Private messaged an ex friend on fb regarding her and my child (small issue) nice as pie,she seen the message and then posted publicly about how rude some people are and how fuming she is..

StHelenInPerson · 05/09/2013 17:08

See people beat me to it anyway hope the answers help you.

Licketysplit123 · 05/09/2013 17:11

Thanks STHelen, the examples you gave though were helpful as a couple of them were pretty much word for word what I could have written. Good to get it in context

OP posts:
Ezio · 05/09/2013 17:19

Its like, if you have a fight with someone, say about you not putting the washing out, someone says,

"Atleast some one knows how to put the washing out"

Thats a passive aggressive dig at you, designed to make sure you know it is, but to make you seem crazy if you called them on it.

SlumberingDormouse · 05/09/2013 17:32

Another example of (silent) passive aggression: A work colleague didn't like my keeping the hole punch on my desk because there weren't enough for everyone to have their own. I didn't know that. Rather than telling me, she kept taking it off my desk and putting it back in the cupboard, without saying a word. Very passive-aggressive in my opinion!

CeliaFate · 05/09/2013 17:49

SlumberingDormouse Passive aggressive and nobbish - it's a hole punch ffs! Grin

CeliaFate · 05/09/2013 17:50

That long definition is really interesting. Food for thought, indeed.

DeckSwabber · 05/09/2013 17:50

Examples:

Being late for stuff, regularly, so that everyone else is left getting stressed.

Making plans that override other people's plans, having 'forgotten'.

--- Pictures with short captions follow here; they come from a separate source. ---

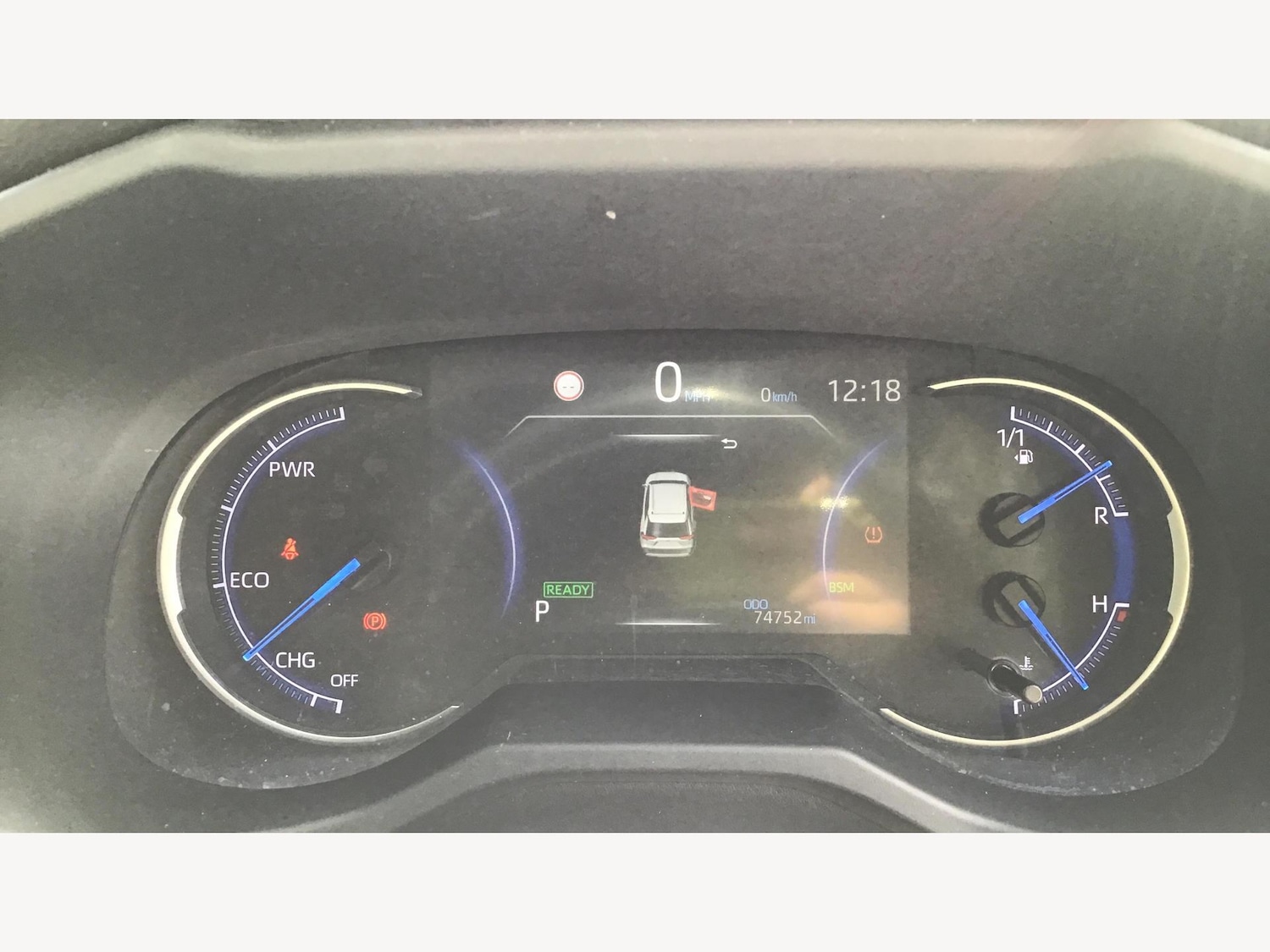 Used Toyota RAV4 2019 for sale - 76031332: Photo 11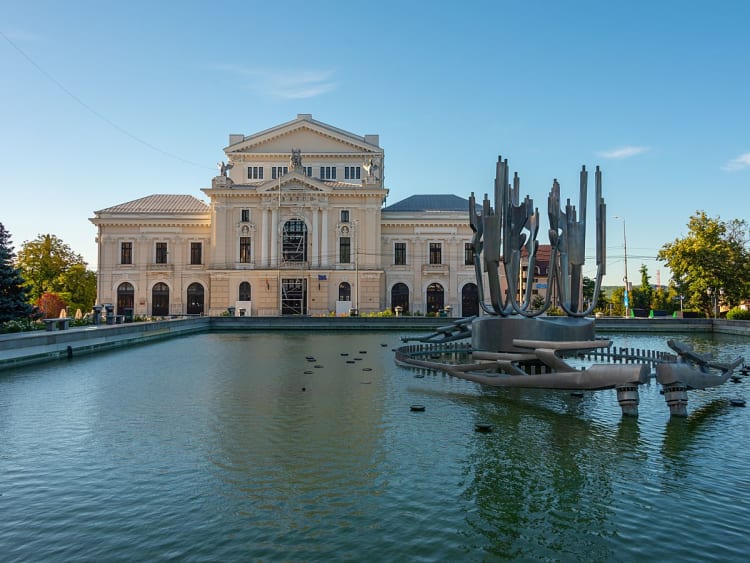 Turnu Severin, Roumanie &ndash; &Eacute;difice monumental au bord d&rsquo;un grand bassin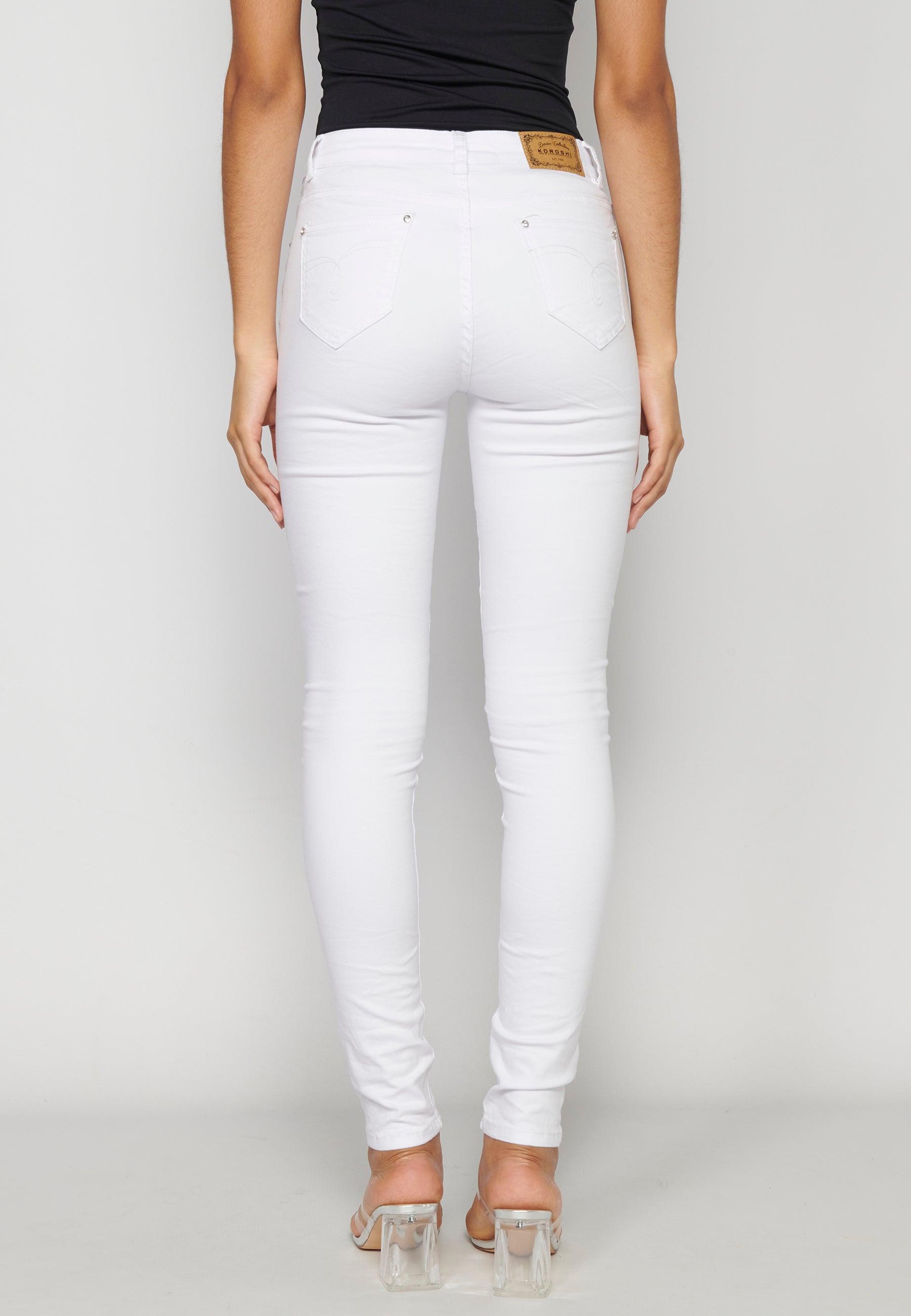 Pantalón largo jeans slim para mujer | moda actual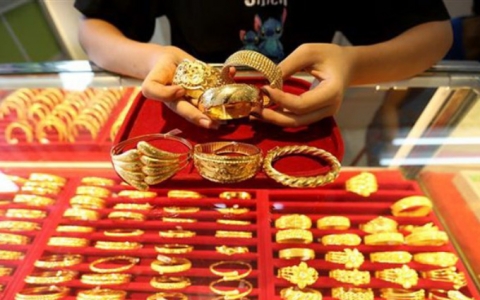 Giá vàng tiếp tục tăng tốc, vượt xa mốc 57 triệu đồng/lượng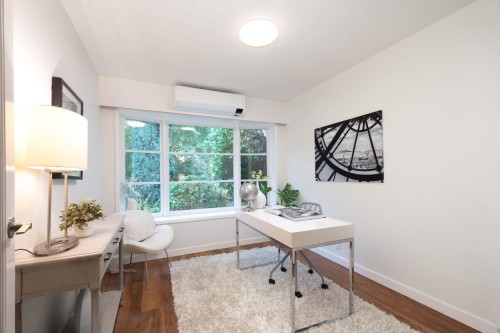 1132 Maplewood Crescent, North Vancouver, BC 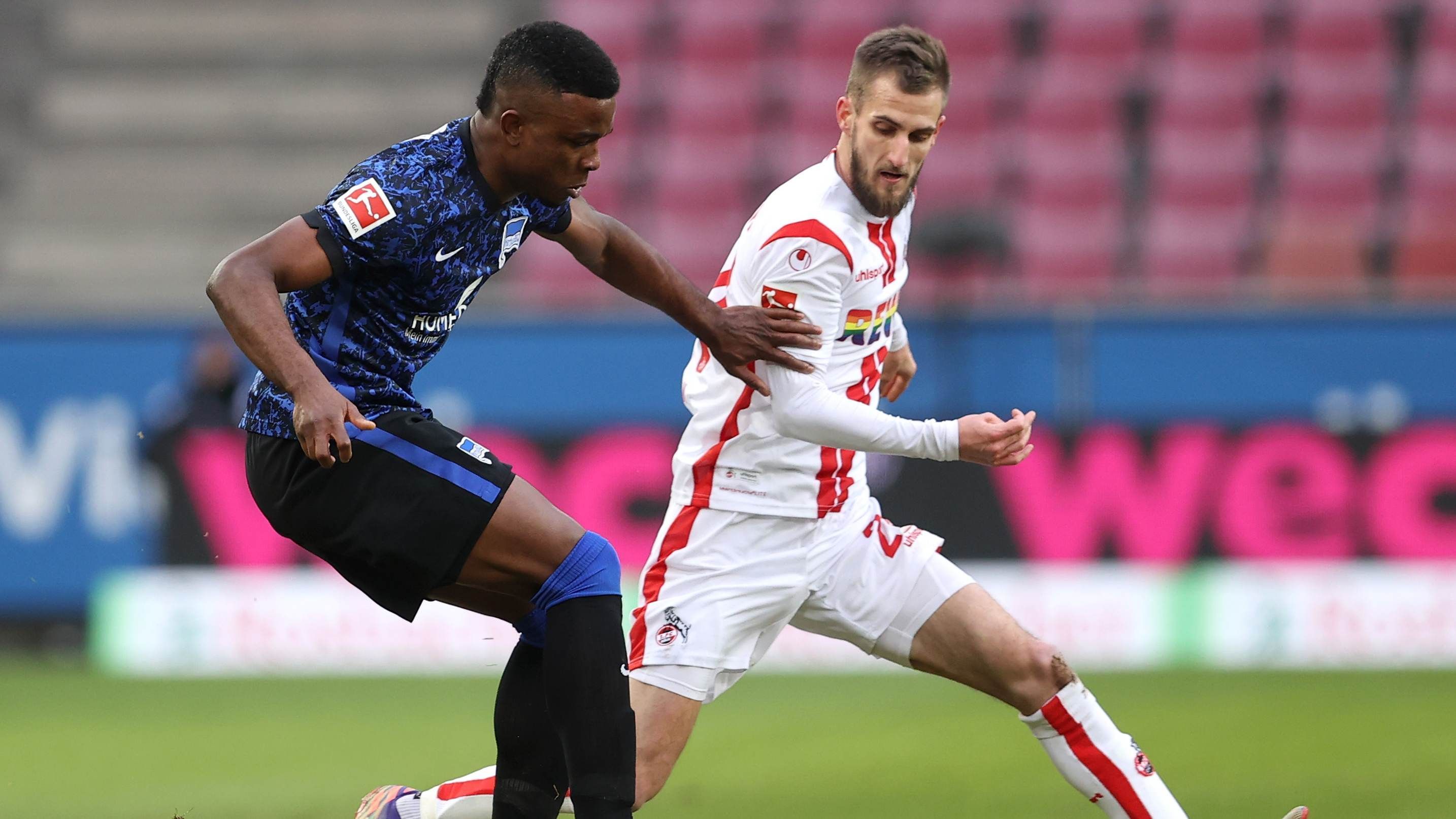 
                <strong>Hertha BSC offenbart erneut Angriffsschwäche</strong><br>
                Der mit Stars gespickte Sturm von Hertha BSC blieb beim torlosen Remis in Köln weiterhin blass. Gegen die Geißböcke gelang dem teuren Sturmtrio um Jhon Córdoba (15 Millionen Euro), Krzysztof Piatek (24 Millionen Euro) und Dodi Lukebakio (20 Millionen Euro) bereits im zweiten Spiel in Folge kein Treffer. Das Problem: Die Berliner spielten wahrlich nicht gegen Spitzenteams in der Liga, sondern scheiterten bei zwei Abstiegskandidaten in Folge daran, ein Tor zu erzielen. 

Always having something more important to do or someone more important to see, which excuses rudeness like not turning up for dinner when expected or leaving the other person to do a job on their own.

Agreeing to new approaches or plans but ignoring them.

One of my friends told me that in relationship counselling she felt ambushed in her sessions by her husband, who sat there, wide eyed innocence, saying he 'just wants her to be happy' and that he loves her, yet when she says she wants him to help out around the house, for example, do the cooking once in a while, says this is 'irrelevant'. I was struck by her word 'ambushed'. Like he was catching her out.